Por Amador Ribeiro Neto
Vamos direto ao ponto: a poesia de Juca Pontes em Itacoatiara (MVC/Forma, João Pessoa, desenho|fotogravura José Rufino, 2022) apresenta sua gramática desde o poema que abre o livro: água, pedra, tempo são elementos que consolidam e dissolvem-se entre laivos de luz.
Este lugar comum feito de água, pedra, luzes e manhã reorganiza-se segundo a analógica do inesperado. Diria mesmo, analógica do espanto. O leitor é levado, em cada poema - ou, se assim se preferir, no único poema que forma o livro todo - a habitar o lugar bandeiriano do alumbramento.
Mas não é bandeiriana esta poesia que mais tange os liames cabralinos, naquele ponto em que Cabral é fundante da Poesia Concreta: desautomatização pétrea da percepção.
Pedra, lição de coisas.
Poesia, educação pela pedra.
Desta equação deriva Itacoatiara: bruta livro de pedra, água, céu.
Nesta pedra in natura, marcada por signos ininteligíveis, o tempo e a história abrigam segredos que o poeta desafia-se a decifrar. Mas, arguto, o poeta não se intromete na decifração dos caracteres cifrados da pedra. Antes: deslinda o mistério procurando entender a pedra bruta e o seu entorno. E se Cortázar disse algures que basta uma pedra sobre a palma da mão para escrever-se um conto, Juca Pontes toma uma grande pedra e escreve um grande livro.

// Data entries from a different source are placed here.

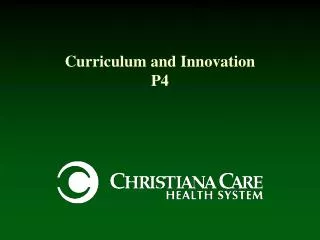 Curriculum and Innovation P4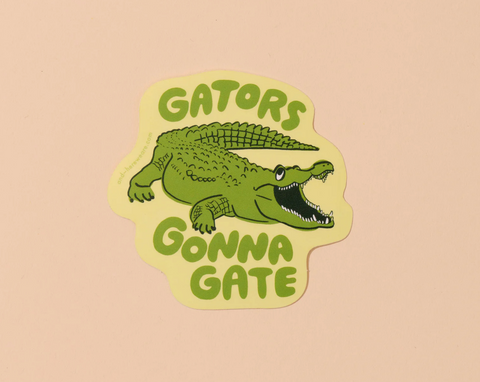 Gators Gonna Gate Sticker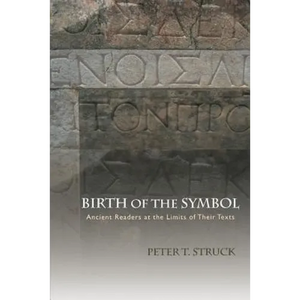 Birth of the Symbol: Ancient Readers at the Limits of Their Texts - Paperback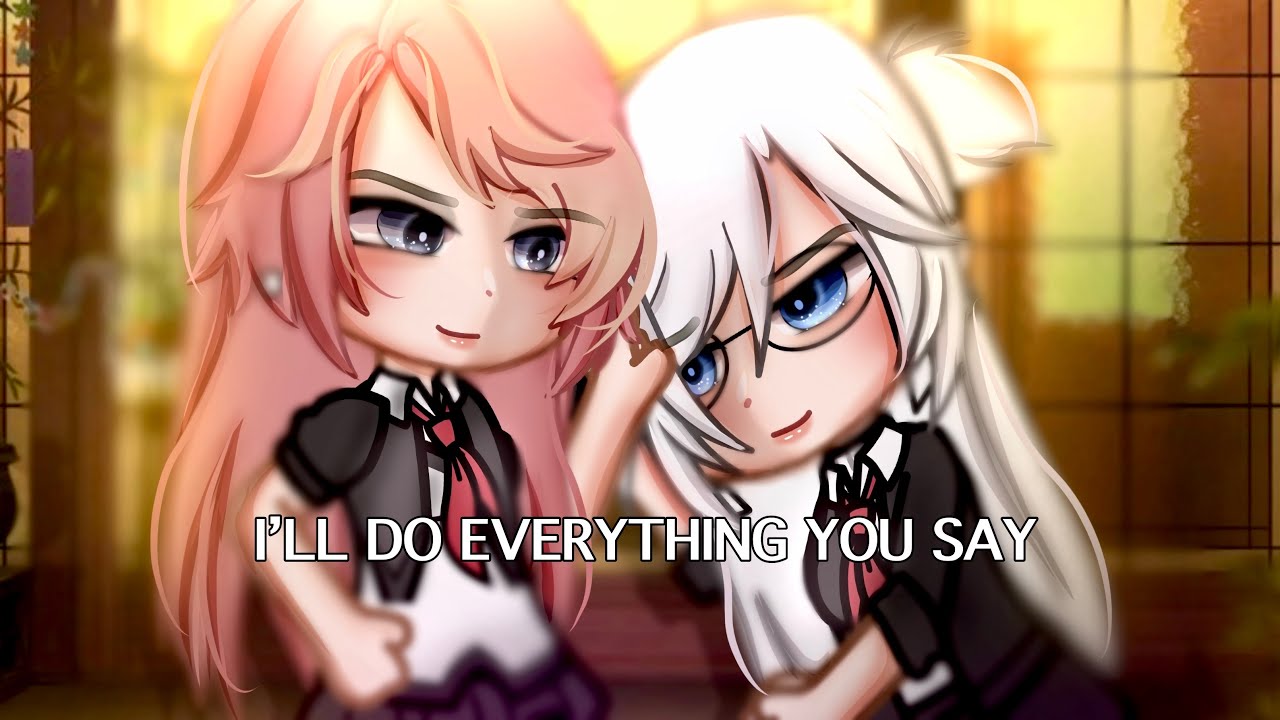 🍵”|| I’ll Do Anything You Say…”|| Gacha Life || Glmm ||wlw || Love Story || 🍵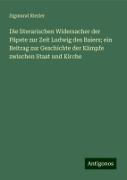 Die literarischen Widersacher der Päpste zur Zeit Ludwig des Baiers; ein Beitrag zur Geschichte der Kämpfe zwischen Staat und Kirche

Numa linguagem direta, concisa, despojada e límpida, a poesia de Juca fala da natureza livrando-se dos clichês habituais. Na verdade, o livro é um enorme haicai tropical, refletindo sobre a vida via natureza, com zelos orientais.
Desta forma, a pedra é pedra-pintada, pedra-esculpida: mãe-água e mãe-manhã, captadas e (re)veladas em flashes.
Insight: a fotografia de João Lobo traz aos olhos o que impressiona a alma: havia a necessidade documental e poética de uma câmera escura/clara para captar o não-dito da poesia.
Assim, eis a poesia da fotografia & a fotografia da poesia em diálogo ininterrupto. O leitor é convidado a ser co-autor do livro, em palavras e imagens. Mas é importante que se registre o nascedouro destas linguagens: a poesia se faz no risco e no desvio do (n)ovo pré-histórico em tempos pós-modernos.
A sintaxe, entrecortada pela espacialização dos objetos, sujeitos, complementos e predicados, remete o leitor aos mistérios e às magias de uma pedra e de suas circunstâncias. Pedra nomeada pela fotografia. Pedra inesperada pela palavra. Pedra inespedrada pela interação semiótica dos signos de códigos diversos.
Pedra redesenhada pela água e pelo olhar. Pedra bruta: incólume às indagações arqueológicas. No silêncio de si em si, estendida no chão do tempo, gera a “bruta flor do querer”, como canta certo compositor de nossa música popular.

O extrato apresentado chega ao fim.